§ **Data section**:
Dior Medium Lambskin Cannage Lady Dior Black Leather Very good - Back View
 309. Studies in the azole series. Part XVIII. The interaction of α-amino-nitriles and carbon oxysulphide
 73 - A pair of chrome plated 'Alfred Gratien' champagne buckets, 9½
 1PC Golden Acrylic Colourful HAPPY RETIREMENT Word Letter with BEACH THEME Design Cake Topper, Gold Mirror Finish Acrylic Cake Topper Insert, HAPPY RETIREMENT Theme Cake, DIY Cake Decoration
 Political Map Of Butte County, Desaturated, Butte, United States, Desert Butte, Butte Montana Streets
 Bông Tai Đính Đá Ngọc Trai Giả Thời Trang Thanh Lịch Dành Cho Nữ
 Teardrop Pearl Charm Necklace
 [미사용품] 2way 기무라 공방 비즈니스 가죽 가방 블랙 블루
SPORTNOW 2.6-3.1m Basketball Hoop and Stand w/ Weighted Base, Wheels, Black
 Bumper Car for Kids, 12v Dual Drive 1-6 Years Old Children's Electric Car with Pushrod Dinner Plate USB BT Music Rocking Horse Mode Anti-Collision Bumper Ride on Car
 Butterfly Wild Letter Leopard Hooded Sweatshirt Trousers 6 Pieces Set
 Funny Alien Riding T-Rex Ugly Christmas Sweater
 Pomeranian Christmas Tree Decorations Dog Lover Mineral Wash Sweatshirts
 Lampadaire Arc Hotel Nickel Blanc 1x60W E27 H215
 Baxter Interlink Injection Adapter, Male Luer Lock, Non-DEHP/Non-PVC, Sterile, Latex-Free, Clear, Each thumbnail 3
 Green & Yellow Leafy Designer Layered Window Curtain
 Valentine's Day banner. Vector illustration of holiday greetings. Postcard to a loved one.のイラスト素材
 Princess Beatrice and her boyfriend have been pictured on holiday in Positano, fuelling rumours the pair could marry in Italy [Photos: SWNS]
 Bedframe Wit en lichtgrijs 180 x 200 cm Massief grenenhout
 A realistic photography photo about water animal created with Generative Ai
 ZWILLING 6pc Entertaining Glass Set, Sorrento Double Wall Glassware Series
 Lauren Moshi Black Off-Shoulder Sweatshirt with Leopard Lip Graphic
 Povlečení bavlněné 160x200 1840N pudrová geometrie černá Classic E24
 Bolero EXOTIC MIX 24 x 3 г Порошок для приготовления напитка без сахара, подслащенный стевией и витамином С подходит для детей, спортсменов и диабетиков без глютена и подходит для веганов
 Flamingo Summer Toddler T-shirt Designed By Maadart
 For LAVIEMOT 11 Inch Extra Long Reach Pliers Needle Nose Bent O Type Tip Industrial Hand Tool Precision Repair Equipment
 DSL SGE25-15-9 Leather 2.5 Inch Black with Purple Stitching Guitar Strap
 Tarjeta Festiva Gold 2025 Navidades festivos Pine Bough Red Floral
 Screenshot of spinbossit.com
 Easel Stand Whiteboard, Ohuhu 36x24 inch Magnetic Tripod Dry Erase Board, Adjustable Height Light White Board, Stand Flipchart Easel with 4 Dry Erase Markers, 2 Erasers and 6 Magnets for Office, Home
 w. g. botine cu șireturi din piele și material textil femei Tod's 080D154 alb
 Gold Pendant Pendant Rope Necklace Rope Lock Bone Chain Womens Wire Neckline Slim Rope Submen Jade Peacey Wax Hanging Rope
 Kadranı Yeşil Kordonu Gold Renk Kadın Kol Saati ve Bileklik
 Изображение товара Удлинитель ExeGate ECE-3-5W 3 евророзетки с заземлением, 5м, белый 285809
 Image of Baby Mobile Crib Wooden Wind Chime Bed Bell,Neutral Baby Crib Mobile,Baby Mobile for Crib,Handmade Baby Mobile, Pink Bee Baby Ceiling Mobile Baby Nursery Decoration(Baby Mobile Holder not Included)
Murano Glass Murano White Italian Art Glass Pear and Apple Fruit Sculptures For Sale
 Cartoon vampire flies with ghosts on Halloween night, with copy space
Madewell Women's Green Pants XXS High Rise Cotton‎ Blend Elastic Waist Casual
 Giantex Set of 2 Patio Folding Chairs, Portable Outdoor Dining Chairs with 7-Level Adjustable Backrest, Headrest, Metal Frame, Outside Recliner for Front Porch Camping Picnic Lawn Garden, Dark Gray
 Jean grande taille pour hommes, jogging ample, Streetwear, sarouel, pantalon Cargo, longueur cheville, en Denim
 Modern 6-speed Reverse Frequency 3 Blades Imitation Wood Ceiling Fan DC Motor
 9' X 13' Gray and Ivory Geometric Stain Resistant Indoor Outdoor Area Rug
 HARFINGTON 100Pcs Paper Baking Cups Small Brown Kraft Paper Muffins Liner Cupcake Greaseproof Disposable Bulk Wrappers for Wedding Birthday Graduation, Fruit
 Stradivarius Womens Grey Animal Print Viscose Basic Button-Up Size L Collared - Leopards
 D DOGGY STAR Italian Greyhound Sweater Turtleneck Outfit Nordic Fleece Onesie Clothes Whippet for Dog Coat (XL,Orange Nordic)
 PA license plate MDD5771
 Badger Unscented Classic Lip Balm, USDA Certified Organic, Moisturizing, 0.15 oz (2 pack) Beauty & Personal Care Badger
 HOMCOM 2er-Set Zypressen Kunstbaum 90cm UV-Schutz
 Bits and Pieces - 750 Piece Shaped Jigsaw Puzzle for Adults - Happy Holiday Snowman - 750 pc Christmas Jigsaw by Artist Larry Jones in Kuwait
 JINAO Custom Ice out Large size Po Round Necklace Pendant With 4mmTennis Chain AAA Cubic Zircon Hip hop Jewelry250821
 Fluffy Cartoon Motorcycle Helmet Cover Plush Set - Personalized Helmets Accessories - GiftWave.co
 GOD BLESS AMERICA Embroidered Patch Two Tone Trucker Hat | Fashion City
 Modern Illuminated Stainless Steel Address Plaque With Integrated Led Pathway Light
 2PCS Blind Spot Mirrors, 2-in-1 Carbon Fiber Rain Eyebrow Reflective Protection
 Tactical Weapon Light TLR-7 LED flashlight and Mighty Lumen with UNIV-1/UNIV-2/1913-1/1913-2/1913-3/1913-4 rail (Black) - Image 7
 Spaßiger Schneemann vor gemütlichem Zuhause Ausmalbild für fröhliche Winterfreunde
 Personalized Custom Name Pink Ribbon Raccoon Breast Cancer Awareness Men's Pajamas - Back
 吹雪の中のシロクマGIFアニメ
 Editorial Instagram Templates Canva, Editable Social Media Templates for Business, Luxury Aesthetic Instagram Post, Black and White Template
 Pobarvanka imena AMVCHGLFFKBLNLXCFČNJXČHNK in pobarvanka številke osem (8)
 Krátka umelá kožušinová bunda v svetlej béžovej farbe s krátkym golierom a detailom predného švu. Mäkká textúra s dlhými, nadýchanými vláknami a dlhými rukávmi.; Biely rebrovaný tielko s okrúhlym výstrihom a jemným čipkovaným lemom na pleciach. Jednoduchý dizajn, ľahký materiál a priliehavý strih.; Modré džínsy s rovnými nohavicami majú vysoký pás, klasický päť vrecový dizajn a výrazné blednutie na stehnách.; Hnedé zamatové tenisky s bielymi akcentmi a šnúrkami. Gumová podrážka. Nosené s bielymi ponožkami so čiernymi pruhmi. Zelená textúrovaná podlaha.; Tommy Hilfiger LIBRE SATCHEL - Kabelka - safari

§ **About this exercise**: Of all the entries above, retype exactly the lines from the line with "w. g. botine" to the line with "Image of Baby", both included, and no others.

§ **Exercise answer**:
 w. g. botine cu șireturi din piele și material textil femei Tod's 080D154 alb
 Gold Pendant Pendant Rope Necklace Rope Lock Bone Chain Womens Wire Neckline Slim Rope Submen Jade Peacey Wax Hanging Rope
 Kadranı Yeşil Kordonu Gold Renk Kadın Kol Saati ve Bileklik
 Изображение товара Удлинитель ExeGate ECE-3-5W 3 евророзетки с заземлением, 5м, белый 285809
 Image of Baby Mobile Crib Wooden Wind Chime Bed Bell,Neutral Baby Crib Mobile,Baby Mobile for Crib,Handmade Baby Mobile, Pink Bee Baby Ceiling Mobile Baby Nursery Decoration(Baby Mobile Holder not Included)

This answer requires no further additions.